EXERCISE OBJECTIVE:
Leave out the images and return all the data word for word.

DATA EXTRACT:
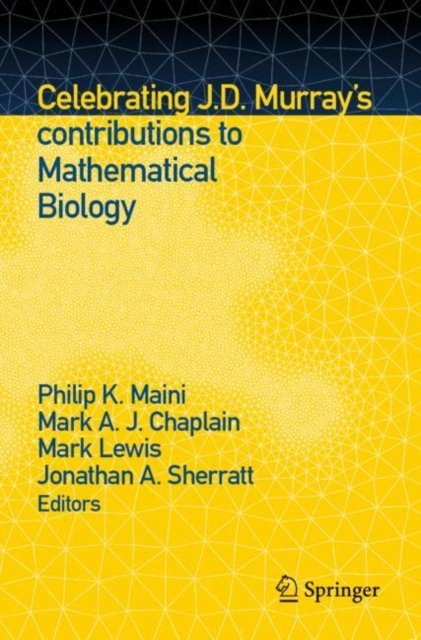 Celebrating J.D. Murray''s contributions to Mathematical Biology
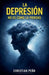 La Depresiòn no es Como la Piensas by Christian Peña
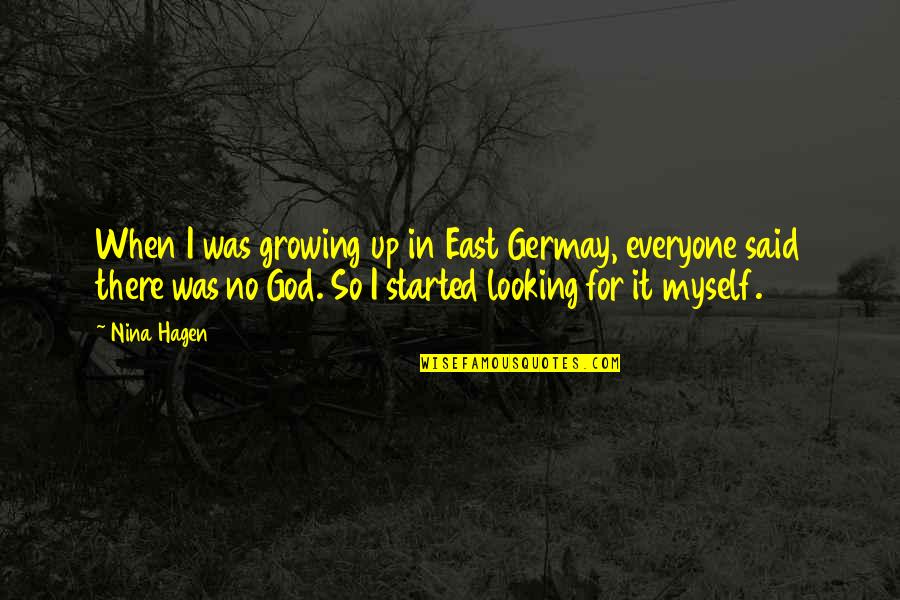 Growing In God Quotes By Nina Hagen: When I was growing up in East Germay, Growing In God Quotes By Nina Hagen: When I was growing up in East Germay,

COMPLETED TASK:
 Celebrating J.D. Murray''s contributions to Mathematical Biology
 La Depresiòn no es Como la Piensas by Christian Peña
 Growing In God Quotes By Nina Hagen: When I was growing up in East Germay, Growing In God Quotes By Nina Hagen: When I was growing up in East Germay,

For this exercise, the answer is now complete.